• **Material for this task**:
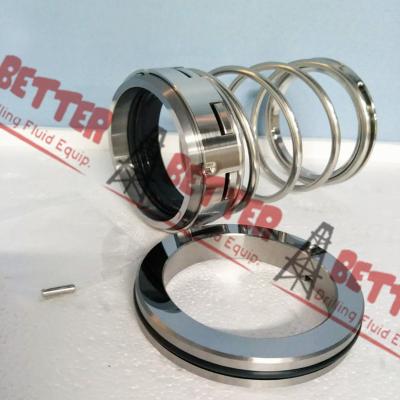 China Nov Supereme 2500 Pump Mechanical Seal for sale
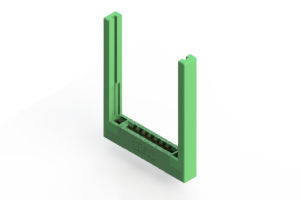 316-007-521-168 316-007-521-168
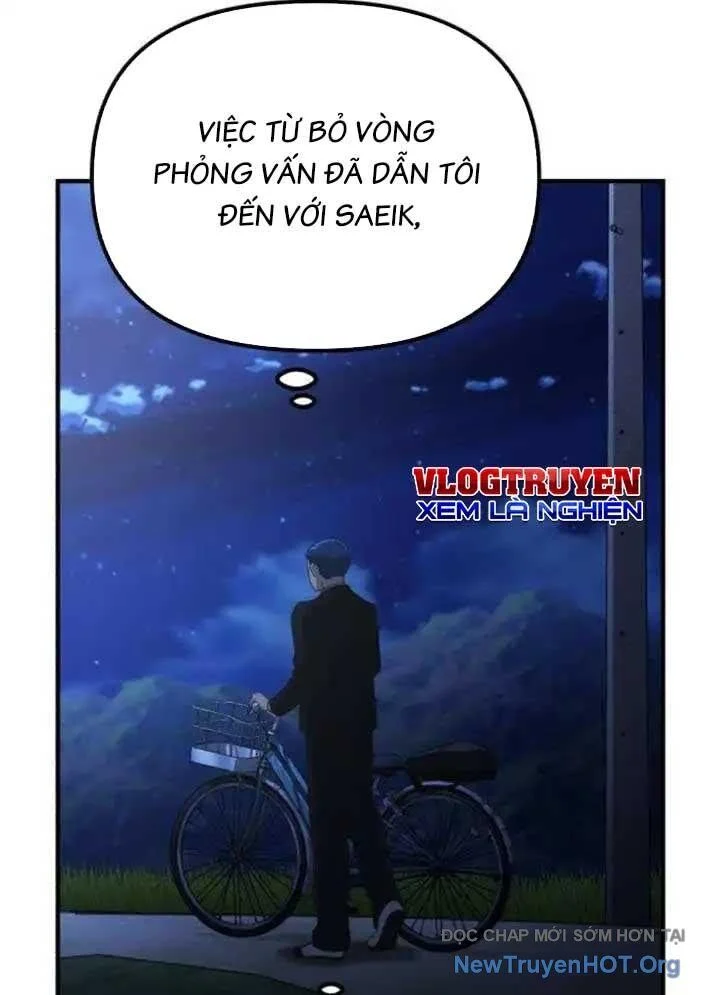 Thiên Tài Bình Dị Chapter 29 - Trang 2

==

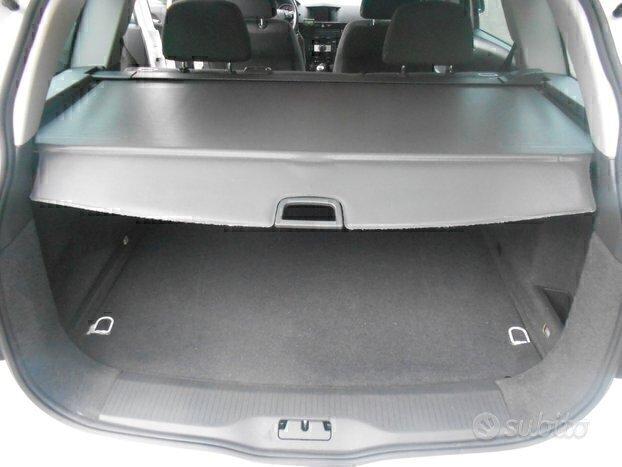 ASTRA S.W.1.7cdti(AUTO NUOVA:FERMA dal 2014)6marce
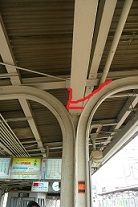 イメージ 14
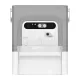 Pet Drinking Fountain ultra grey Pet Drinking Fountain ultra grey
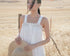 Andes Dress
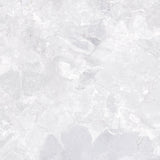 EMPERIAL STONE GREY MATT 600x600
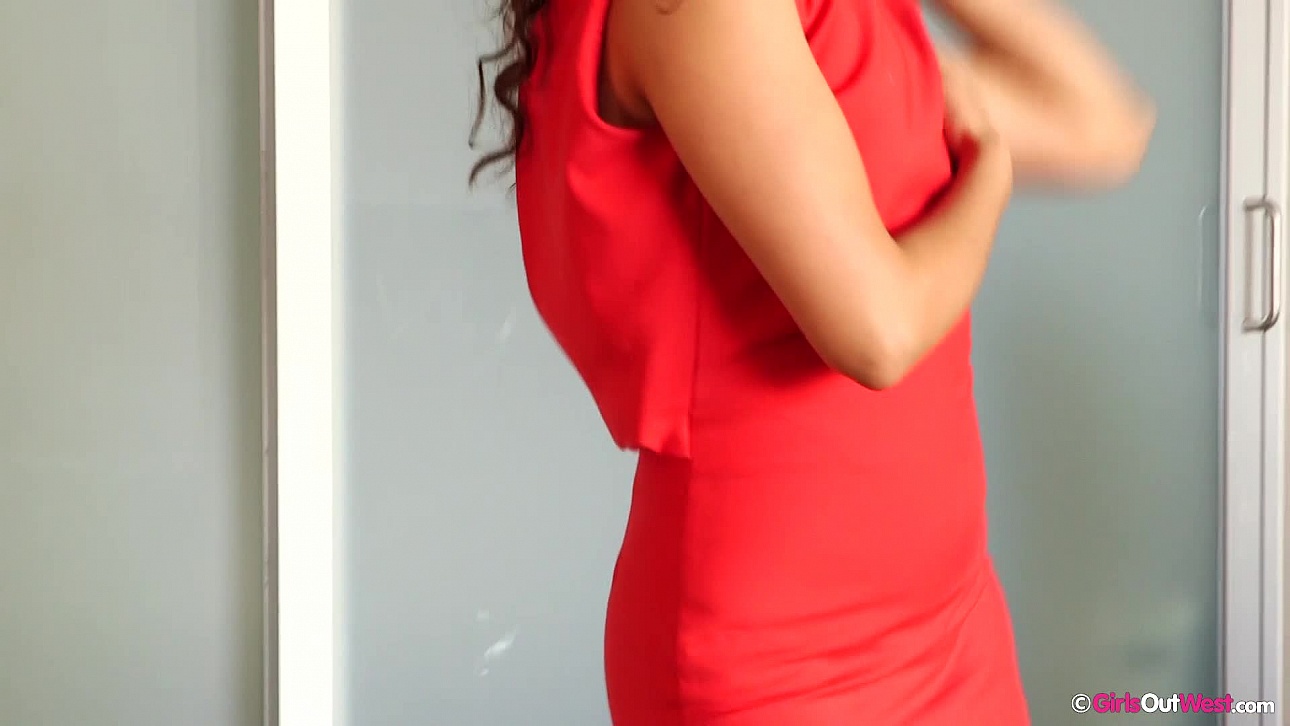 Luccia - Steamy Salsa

• **Exercise details**:
In the listing above, find the line with "China Nov Supereme" and the line with "Thiên Tài Bình Dị Chapter 29 - Trang 2". Set down exactly those lines and everything between them, skipping pictures.

• **Problem solution**:
 China Nov Supereme 2500 Pump Mechanical Seal for sale
 316-007-521-168 316-007-521-168
 Thiên Tài Bình Dị Chapter 29 - Trang 2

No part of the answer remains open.